Its reference to “In Flanders Fields the poppies blow between the crosses row on row…” was the inspiration for the poppy being adopted as the symbol of remembrance. This was initially due to the efforts of an American, Moira Michael and a French woman, Anna Guerin. Both had a passion that the poppy should be used as a symbol of remembrance and artificial poppies were made and sold to raise money for the families of those killed.
It was Guerin who showed the silk poppies to the secretary of the newly formed British Legion. The first poppy day was held in 1921 and it was so successful it was decided to repeat it and in 1922 thirty million poppies were ordered. Despite the enthusiasm of their countrywomen neither the US nor France adopted the poppy as their symbol of remembrance.
The white poppy is worn by some people and this has caused controversy. The Peace Pledge Union and its supporters who wear the white poppy are commemorating all the victims of the war, whether civilians or military; they also wish to show a commitment to peace and are opposed to the glorification of conflict.

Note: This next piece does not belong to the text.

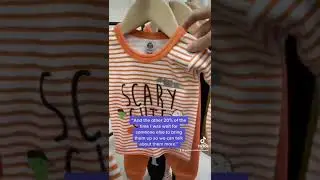 Spooky Halloween PJs for Baby & Toddler 🎃
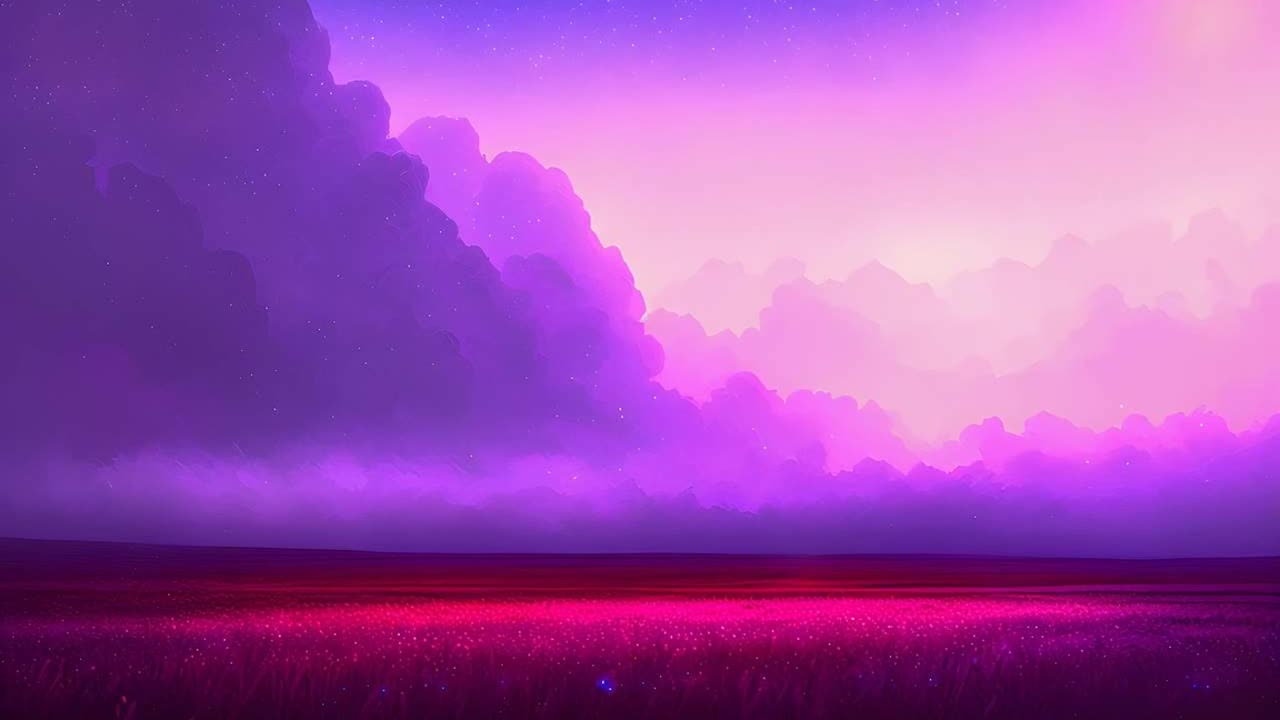 VALLEY OF SILENCE | RELAXATION.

Remembrance is carried on to honour the dead of British and Commonwealth countries not just by their own. Every evening at 8.00 pm 365 days a year come rain or shine whether no one attends or if there are hundreds, members of the Belgian Fire Brigade, representing the people of Belgium in general and Ypres in particular, sound the Last Post at the Menin Gate memorial in Ypres. This ceremony honouring those killed in the area has taken place every evening since 1928 only stopping when the Germans occupied Ypres between 1940 and 1944. On the very day that the Germans left Ypres in 1944 the Last Post sounded again. Each year in Holland, Dutch children lay flowers on the graves of soldiers killed on the attack on Arnhem (a bridge too far) in 1944 on the anniversary of that battle and such events happen throughout the world where British and Commonwealth soldiers have died.
And we have not even mentioned yet the very important work of the Commonwealth War Graves Commission. Initially set up by Fabian Ware as the Graves registration Committee to record the date and place of soldiers killed in battle, the Commission is responsible for the establishment and care of the many hundreds of military cemeteries throughout the world as well as individual headstones in local cemeteries. The headstones for the war dead are the same irrespective of rank, it being part of Ware’s vision that there should be equality in death. The cemeteries be they large or small and wherever situated in the world are beautifully maintained by CWGC gardeners planted where possible with flowers that would be found in an English country garden.
The spirit of remembrance is best captured in two epitaphs used in most ceremonies large and small. The words of Lawrence Binyons poem “For the Fallen” the verse of which ends with the words “We will remember them” and the Kohima epitaph which ends “ for your tomorrow we gave our today”.